I costi fissi della nave sono infatti di molto superiori a quelli variabili: è dunque interesse del “cliente-nave” ridurre quanto più è possibile i suoi tempi di permanenza nel porto.
La finalità principale del livello operativo deve essere perciò quella della efficienza tecnica.
Lo strumento di gestione giuridicamente più adatto per realizzare questa finalità è certamente la Società per azioni.
È possibile coniugare l’esigenza del controllo democratico con quella della razionalità e della rapidità delle decisioni costituendo società miste dove il capitale pubblico abbia la maggioranza e dove quindi siano istituzionalmente presenti gli enti locali direttamente interessati al governo del sub-sistema. E per parlare più specificamente del caso di Cagliari, qui più che altrove si presenta con evidenza la necessità di un funzionamento e di un dominio unitario delle singole parti che costituiscono il sub-sistema, da quella – importante – che è il Porto Canale in fase di ultimazione, all’attuale Porto Commerciale, al Porto pescherecci, al Porto turistico.

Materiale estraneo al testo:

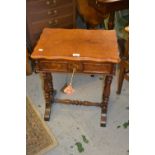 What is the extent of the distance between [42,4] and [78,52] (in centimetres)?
115

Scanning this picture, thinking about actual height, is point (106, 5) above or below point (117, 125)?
above

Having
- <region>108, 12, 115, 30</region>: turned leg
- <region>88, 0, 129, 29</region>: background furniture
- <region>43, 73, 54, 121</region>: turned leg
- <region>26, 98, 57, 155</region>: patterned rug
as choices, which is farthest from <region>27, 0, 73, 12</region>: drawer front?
<region>26, 98, 57, 155</region>: patterned rug

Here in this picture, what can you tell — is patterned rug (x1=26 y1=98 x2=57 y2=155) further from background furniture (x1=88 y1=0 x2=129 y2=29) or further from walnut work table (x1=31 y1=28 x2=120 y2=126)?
background furniture (x1=88 y1=0 x2=129 y2=29)

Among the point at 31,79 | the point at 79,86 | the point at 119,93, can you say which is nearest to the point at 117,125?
the point at 119,93

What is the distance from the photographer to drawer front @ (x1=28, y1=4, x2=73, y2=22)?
271cm

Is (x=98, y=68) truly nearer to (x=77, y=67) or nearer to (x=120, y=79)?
(x=77, y=67)

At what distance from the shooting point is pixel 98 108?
2.39 m

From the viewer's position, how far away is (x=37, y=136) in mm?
2094

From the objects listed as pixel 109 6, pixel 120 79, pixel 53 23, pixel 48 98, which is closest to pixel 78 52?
pixel 48 98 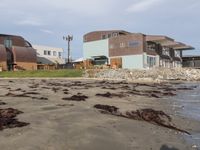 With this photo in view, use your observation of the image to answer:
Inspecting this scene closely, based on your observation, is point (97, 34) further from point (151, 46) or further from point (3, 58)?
point (3, 58)

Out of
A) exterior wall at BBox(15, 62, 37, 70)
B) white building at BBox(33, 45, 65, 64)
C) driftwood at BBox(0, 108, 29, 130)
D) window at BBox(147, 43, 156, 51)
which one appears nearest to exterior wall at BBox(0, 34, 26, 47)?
exterior wall at BBox(15, 62, 37, 70)

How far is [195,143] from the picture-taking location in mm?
10305

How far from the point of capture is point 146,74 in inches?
2628

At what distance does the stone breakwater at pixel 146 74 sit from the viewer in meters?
64.6

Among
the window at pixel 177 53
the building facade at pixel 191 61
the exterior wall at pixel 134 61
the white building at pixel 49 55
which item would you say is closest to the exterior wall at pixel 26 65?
the white building at pixel 49 55

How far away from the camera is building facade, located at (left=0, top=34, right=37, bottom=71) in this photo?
8419 centimetres

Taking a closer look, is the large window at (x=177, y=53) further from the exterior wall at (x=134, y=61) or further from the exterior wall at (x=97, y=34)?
the exterior wall at (x=134, y=61)

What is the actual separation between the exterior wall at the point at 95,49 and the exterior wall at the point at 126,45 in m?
1.81

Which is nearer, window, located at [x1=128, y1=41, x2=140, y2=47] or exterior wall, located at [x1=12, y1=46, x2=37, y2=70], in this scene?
window, located at [x1=128, y1=41, x2=140, y2=47]

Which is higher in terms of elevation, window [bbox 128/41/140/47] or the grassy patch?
window [bbox 128/41/140/47]

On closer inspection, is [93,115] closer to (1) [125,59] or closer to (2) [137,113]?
(2) [137,113]

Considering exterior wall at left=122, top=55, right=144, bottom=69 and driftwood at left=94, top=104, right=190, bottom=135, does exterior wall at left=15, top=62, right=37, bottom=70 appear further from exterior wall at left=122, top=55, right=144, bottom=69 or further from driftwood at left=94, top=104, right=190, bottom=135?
driftwood at left=94, top=104, right=190, bottom=135

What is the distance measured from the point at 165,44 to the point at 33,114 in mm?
76563

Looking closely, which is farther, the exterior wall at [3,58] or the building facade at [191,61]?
the building facade at [191,61] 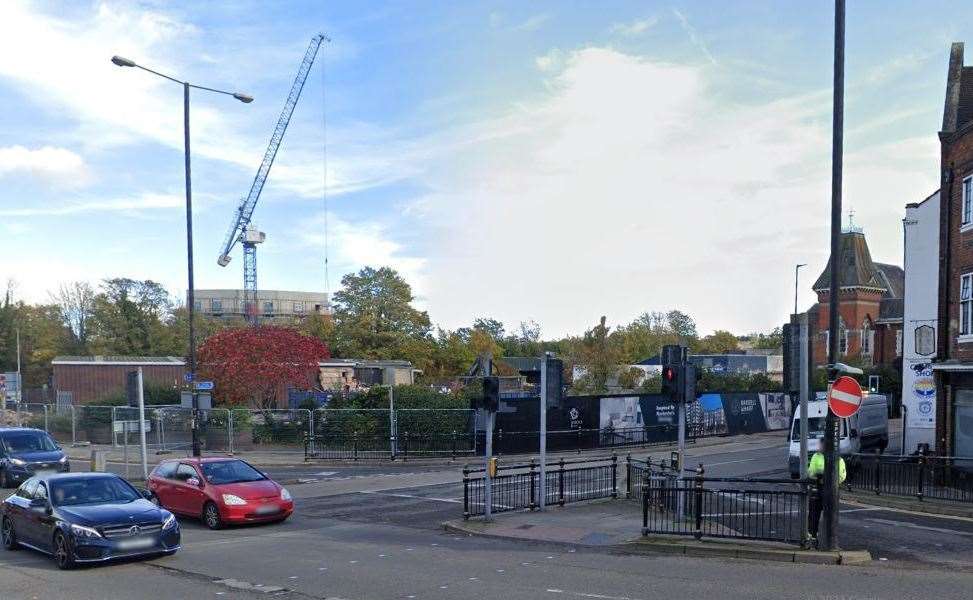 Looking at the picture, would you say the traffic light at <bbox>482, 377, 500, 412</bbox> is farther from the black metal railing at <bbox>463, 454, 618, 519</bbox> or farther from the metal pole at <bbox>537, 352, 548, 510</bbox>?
the black metal railing at <bbox>463, 454, 618, 519</bbox>

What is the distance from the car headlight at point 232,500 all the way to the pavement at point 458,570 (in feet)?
1.87

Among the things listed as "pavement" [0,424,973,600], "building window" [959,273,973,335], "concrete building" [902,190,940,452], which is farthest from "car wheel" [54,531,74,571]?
"concrete building" [902,190,940,452]

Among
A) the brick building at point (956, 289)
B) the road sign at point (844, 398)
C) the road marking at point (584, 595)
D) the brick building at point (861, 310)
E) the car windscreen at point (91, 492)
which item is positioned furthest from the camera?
the brick building at point (861, 310)

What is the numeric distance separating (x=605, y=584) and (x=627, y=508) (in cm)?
825

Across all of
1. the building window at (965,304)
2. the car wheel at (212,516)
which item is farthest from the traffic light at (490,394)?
the building window at (965,304)

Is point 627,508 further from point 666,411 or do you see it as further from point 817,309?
point 817,309

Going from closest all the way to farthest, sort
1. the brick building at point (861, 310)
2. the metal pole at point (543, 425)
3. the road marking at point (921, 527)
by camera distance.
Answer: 1. the road marking at point (921, 527)
2. the metal pole at point (543, 425)
3. the brick building at point (861, 310)

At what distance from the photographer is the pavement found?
10.8 metres

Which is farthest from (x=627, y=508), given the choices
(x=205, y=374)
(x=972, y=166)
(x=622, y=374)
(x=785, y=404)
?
(x=622, y=374)

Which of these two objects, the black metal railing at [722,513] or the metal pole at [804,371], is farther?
the black metal railing at [722,513]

Deve essere realizzato un continuum funzionale e territoriale fra queste distinte sezioni dal momento che il funzionamento in regime di pull è di parecchie volte più efficace, nei confronti di una domanda di servizio stocastica, rispetto a quello così detto del “single service”.
In questo quadro, i soggetti pubblici e privati partecipanti alla società per azioni dovranno esprimere la loro funzione ai livelli massimi di professionalità e competenza; e la stessa compagnia portuale alla quale gli articoli 108 e 110 del Codice della Navigazione riservano oggi di fatto il monopolio del lavoro portuale, dovrà trasformarsi sempre di più in impresa capace di gestire con alta managerialità la propria funzione, abbandonando quella posizione di rendita che la recente storia ha dimostrato non pagante nemmeno sul piano della difesa di interessi corporativi.
Naturalmente gli argomenti dei quali ci siamo fin qui occupati richiedono riflessioni e analisi successive per il loro approfondimento.
Non dimentichiamo che esiste un forte legame attraverso il quale si interconnettono le decisioni della pianificazione territoriale di ambito vasto, con quelle della definizione progettuale dei singoli elementi di essa (in questo caso del porto) con quelli infine della politica di gestione e di controllo nella produzione dei servizi.
Il supplemento di indagini che prende ora le mosse sotto il controllo e la guida della Regione, con la partecipazione della ex Cassa per il Mezzogiorno (che lo finanzia), del Consorzio per lo Sviluppo dell’Area Industriale di Cagliari e del la SIACA ha proprio lo scopo di precisare i contorni ancora indefiniti e di tracciare una strategia di comportamento attraverso la quale, rispettando le premesse, possa essere da subito giocata la carta della nuova portualità cagliaritana.